Hilda parut troublée.
« Vous aussi, Lydia, vous l’avez remarqué ? C’est pourtant la vérité… »
Pendant un moment, Hilda garda le silence et se rappela les paroles prononcées, la veille encore, par son mari. D’une voix ardente, rejetant en arrière ses mèches blondes, il lui avait dit :
« Te souviens-tu, Hilda, de ce passage de la Tosca … lorsque Tosca allume des cierges à la tête et aux pieds de Scarpia qui vient d’expirer : « À présent… je puis lui pardonner… » Voilà ce que j’éprouve à l’égard de père. Depuis des années, je désirais lui pardonner, cela m’était impossible. Maintenant… je ne lui en veux plus. Ma rancune a disparu. Et je me sens léger comme si on m’avait enlevé un poids des épaules. »

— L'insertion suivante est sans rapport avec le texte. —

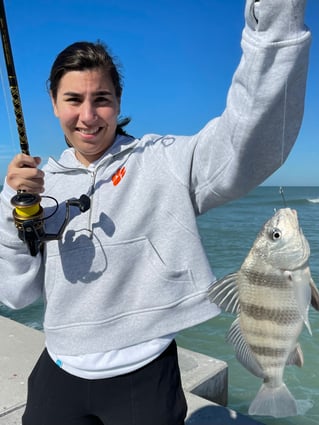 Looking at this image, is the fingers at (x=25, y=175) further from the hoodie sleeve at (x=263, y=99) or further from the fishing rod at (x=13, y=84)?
the hoodie sleeve at (x=263, y=99)

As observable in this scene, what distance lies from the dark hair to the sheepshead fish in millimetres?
951

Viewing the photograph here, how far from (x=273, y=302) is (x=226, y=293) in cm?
18

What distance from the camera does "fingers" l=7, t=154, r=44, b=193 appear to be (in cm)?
173

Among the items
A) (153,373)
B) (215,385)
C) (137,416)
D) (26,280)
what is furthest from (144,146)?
(215,385)

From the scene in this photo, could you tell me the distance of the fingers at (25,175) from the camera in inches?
68.1

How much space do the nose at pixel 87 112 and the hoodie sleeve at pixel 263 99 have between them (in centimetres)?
53

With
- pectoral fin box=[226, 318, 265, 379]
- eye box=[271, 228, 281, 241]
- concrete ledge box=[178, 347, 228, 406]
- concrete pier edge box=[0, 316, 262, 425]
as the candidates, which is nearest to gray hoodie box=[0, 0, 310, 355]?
pectoral fin box=[226, 318, 265, 379]

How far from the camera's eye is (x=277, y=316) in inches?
65.1

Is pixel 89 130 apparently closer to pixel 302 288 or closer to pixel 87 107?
pixel 87 107

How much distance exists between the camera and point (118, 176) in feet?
6.23

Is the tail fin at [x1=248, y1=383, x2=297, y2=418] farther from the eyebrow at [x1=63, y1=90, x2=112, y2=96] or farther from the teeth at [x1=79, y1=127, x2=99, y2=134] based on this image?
the eyebrow at [x1=63, y1=90, x2=112, y2=96]

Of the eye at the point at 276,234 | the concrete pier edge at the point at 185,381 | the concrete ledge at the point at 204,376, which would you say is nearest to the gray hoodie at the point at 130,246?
the eye at the point at 276,234

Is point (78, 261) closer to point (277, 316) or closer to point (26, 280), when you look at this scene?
point (26, 280)

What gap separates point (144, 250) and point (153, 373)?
510 mm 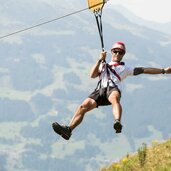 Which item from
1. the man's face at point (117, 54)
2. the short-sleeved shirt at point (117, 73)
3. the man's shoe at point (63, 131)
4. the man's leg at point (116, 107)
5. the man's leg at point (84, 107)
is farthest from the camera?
the man's face at point (117, 54)

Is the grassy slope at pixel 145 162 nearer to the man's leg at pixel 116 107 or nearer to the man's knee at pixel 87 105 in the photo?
the man's leg at pixel 116 107

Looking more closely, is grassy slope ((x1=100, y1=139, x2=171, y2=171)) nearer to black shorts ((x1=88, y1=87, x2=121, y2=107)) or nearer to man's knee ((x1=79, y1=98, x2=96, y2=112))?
black shorts ((x1=88, y1=87, x2=121, y2=107))

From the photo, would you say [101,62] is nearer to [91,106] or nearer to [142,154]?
[91,106]

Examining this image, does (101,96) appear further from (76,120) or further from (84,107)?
(76,120)

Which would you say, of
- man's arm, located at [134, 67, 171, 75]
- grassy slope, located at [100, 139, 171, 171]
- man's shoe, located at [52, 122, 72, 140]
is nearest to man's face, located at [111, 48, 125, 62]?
man's arm, located at [134, 67, 171, 75]

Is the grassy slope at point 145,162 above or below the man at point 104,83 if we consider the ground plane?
below

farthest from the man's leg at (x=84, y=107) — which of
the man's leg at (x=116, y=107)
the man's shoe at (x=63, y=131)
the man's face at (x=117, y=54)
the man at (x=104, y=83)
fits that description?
Answer: the man's face at (x=117, y=54)

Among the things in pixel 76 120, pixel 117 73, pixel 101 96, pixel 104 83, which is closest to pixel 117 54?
pixel 117 73

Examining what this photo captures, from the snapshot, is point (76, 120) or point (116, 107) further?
point (76, 120)

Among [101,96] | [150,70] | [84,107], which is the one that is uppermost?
[150,70]

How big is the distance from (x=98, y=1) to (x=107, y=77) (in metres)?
1.70

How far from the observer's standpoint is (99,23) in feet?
32.0

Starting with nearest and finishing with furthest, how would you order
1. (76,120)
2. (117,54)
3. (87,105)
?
(87,105) < (76,120) < (117,54)

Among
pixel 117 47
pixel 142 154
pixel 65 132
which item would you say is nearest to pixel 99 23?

« Parce qu’il est mort ? » lui avait-elle demandé, en proie à une certaine crainte.
Il lui avait répliqué en bégayant un peu :
« Non, tu ne comprends pas. Ce n’est pas parce qu’il est mort, mais parce que la haine stupide qu’il m’inspirait est morte… »
Hilda se rappelait cette conversation avec David.
Elle eût aimé la répéter à la femme sympathique qui se trouvait près d’elle, mais elle crut plus sage de s’en abstenir.
À la suite de Lydia, elle quitta le salon. Dans le vestibule, elles virent Magdalene, debout, devant la table et tenant à la main un petit colis. La femme de George sursauta en apercevant ses belles-sœurs.
« Oh ! voici sans doute l’achat important de M. Poirot, dit-elle. Je viens de le voir poser ce paquet sur la table. Je me demande ce que cela peut bien être. »
Ricanant, elle regarda Lydia et Hilda, mais ses yeux trahissaient une inquiétude et démentaient la gaieté feinte de ses paroles.
Lydia leva les sourcils et dit :
« Je monte vivement me préparer pour le déjeuner. »
Toujours sur ce ton de gaminerie affectée, mais incapable de masquer son anxiété, Magdalene déclara :
« Il faut absolument que j’y jette un coup d’œil ! »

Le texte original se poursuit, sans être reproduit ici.